Au bas des marches, il trouva une grande pièce emplie de vieux matelas dégueulasses, de cadavres de bouteilles et de seringues usagées. Le lieu servait visiblement de refuge à toutes sortes de marginaux. Dans ce fatras, il eut un peu de mal à retrouver la trace de sa piste de sang. Quand il y parvint enfin, ce fut pour constater qu’elle ne menait nulle part, sinon au pied d’un monticule de gravats et de déchets divers amassés contre le mur sur une hauteur d’environ un mètre. Il se souvint alors d’articles qu’il avait lus sur le Puy-en-Velay et son dédale de caves parfois perdues et oubliées. À l’aide d’une planche, il évacua le tas de détritus, certain de bientôt découvrir une de ces caves fantômes. Son intuition s’avéra juste : quelqu’un avait cherché à dissimuler une ouverture percée dans le mur. Alexandre appuya son épaule droite contre la paroi et se mit à l’affût : avant de s’aventurer de l’autre côté, il voulait capter tout ce qui aurait pu en provenir.

Mis à part une odeur de moisissure, rien ne s’échappa du trou béant. Aucun son, aucune voix ne vinrent trahir une quelconque présence humaine. Alors il s’agenouilla et regarda ce qu’il y avait au-delà du vide. De part et d’autre de l’ouverture se déroulaient cinq ou six mètres de couloir. Sur la gauche, une volée de marches venait mourir contre un mur de briques tranchant avec les pierres environnantes ; sur la droite, le sol disparaissait, et la piste de sang reprenait. Maintenant perplexe et plus tout à fait certain de mettre la main sur Vincent et Théo, Alexandre reprit toutefois sa traque. Inéluctablement, chaque petite tache rougeâtre le mena là où le sol s’était dérobé à sa vue. Rapidement, il se trouva au bord d’un nouvel escalier. Chacune des marches qu’il en descendit le précipita dans un autre monde, glaçant et terrifiant.
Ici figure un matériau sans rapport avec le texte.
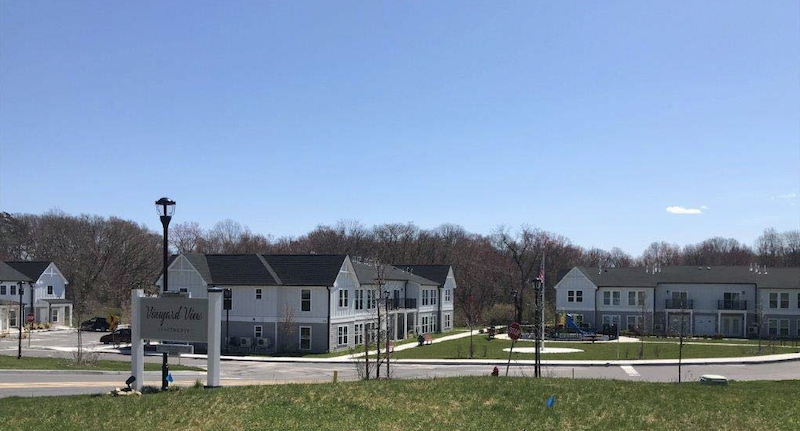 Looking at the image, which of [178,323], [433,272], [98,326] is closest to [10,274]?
[98,326]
Vincent et Théo n’étaient effectivement pas là, mais Alexandre aurait préféré devoir les affronter plutôt que d’avoir à supporter la vue qui s’offrait à lui, celle d’une cave puante transformée en chambre de torture. Contre le mur du fond, une longue table de bois était couverte d’outils et d’objets divers souillés de sang séché, au plafond avait été scellé un anneau métallique, juste au-dessous de lui gisaient des liens tranchés, dans un mélange de sang, d’excréments et d’urine.

Alexandre n’alla pas plus loin que la dernière marche : ce qu’il avait trouvé là était une véritable scène de crime, et il était hors de question qu’il y laissât la moindre trace de son passage. D’ailleurs, il estima s’être déjà trop compromis. Si la police le surprenait dans ce cloaque, il était foutu. Il devait partir ! Tout de suite ! Il venait à peine de tourner le dos à la chambre des horreurs qu’un petit morceau de métal attira son attention : une pièce, dans le coin d’une marche. Il la ramassa puis sortit sans attendre de la maison.
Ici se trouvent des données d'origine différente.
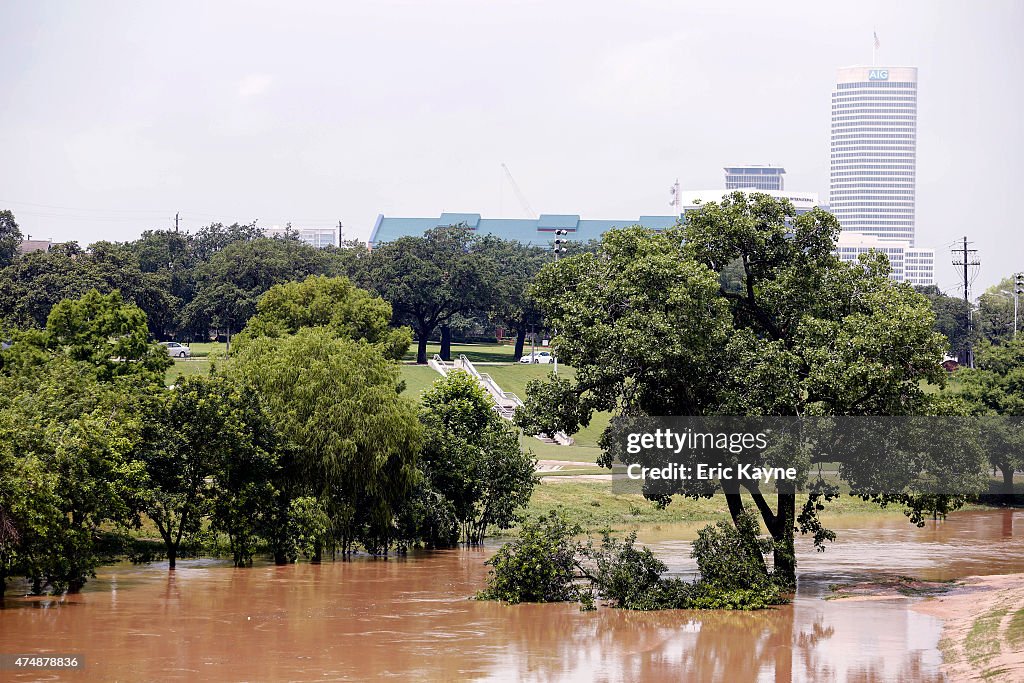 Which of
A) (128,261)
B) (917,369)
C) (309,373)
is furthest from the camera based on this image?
(128,261)

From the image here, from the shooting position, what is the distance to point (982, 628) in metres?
26.7

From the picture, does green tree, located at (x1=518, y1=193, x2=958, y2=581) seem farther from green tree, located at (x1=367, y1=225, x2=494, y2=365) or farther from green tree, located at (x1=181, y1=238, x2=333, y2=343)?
green tree, located at (x1=181, y1=238, x2=333, y2=343)

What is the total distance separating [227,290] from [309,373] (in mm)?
57807

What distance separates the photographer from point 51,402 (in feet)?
110

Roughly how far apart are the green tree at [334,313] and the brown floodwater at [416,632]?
986 inches

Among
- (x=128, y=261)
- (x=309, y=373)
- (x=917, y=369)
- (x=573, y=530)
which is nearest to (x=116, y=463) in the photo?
(x=309, y=373)

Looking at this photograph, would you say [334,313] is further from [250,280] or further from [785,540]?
[250,280]

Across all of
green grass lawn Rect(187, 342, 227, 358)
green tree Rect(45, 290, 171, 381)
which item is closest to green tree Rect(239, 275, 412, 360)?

La rue qu’il retrouva n’était plus celle qu’il avait quittée : la ville commençant à se réveiller, çà et là, les foyers livraient des grappes de travailleurs et d’écoliers. Tous ces gens somnolaient encore, leurs corps étaient froids et leurs cerveaux commençaient à peine à cogiter ; Alexandre, lui, au contraire, était submergé d’adrénaline, il brûlait d’angoisse, et il cogitait à s’en rendre malade. Il dut faire un effort considérable pour ne pas détonner parmi ces zombies du quotidien, pour ne pas attirer leur attention. D’un pas en permanence au bord de la crise de nerfs, tenant la bride à sa furieuse envie de détaler comme un dératé, il s’éloigna de la vieille ville et de tous les flics qui y grouillaient.

À l’heure qu’il était, ils devaient être en train de fouiller ses bagages. Bientôt ils retraceraient son parcours à l’aide de sa crédenciale. Bientôt ils l’identifieraient. Combien de temps leur faudrait-il pour tout savoir sur lui ? Devait-il se rendre, au risque de tomber dans un engrenage dont il ne sortirait plus jamais, ou devait-il se battre ? Se battre, oui, mais comment ? La fuite fut encore une fois la seule réponse qu’il trouva à ses questions. Il devait quitter cette ville !

La gare n’était pas loin. Il s’y rendit avec l’intention de sauter dans le premier train qui passerait. Malheureusement, là-bas aussi, la police était partout, à contrôler les identités de tous ceux qui s’approchaient. Même les bus de la gare routière n’échappaient pas à leur recherche méthodique. C’était donc à pied qu’il quitterait le Puy-en-Velay.

Dans sa poche, son portable n’arrêtait pas de vibrer. Il jeta un œil : Loïc, encore et toujours, qui le harcelait de messages. Sur l’écran, Alexandre fit défiler des exhortations à partir pour Arles, des relances interrogatrices face à son silence, puis, se succédant dans une hallucinante alternance, des déclarations d’amitié exacerbées et des monceaux de reproches culpabilisants et d’avertissements en tous genres. Voir Alexandre échapper à ses conseils rendait Loïc dingue. Alexandre découvrait la face cachée de son ami, et cela le sidérait. Excédé, il décida de répondre à cet insensé flot de mots : « Loïc, je n’irai pas à Arles ! Je suis dans la merde ! Partout où je passe... partout où tu m’envoies, en fait, il se passe des choses graves : des agressions ! des meurtres ! Et il y a un type qui m’accuse ! C’est de ton aide dont j’ai besoin, pas de ce pétage de plomb bizarre dont tu me fais l’honneur ! »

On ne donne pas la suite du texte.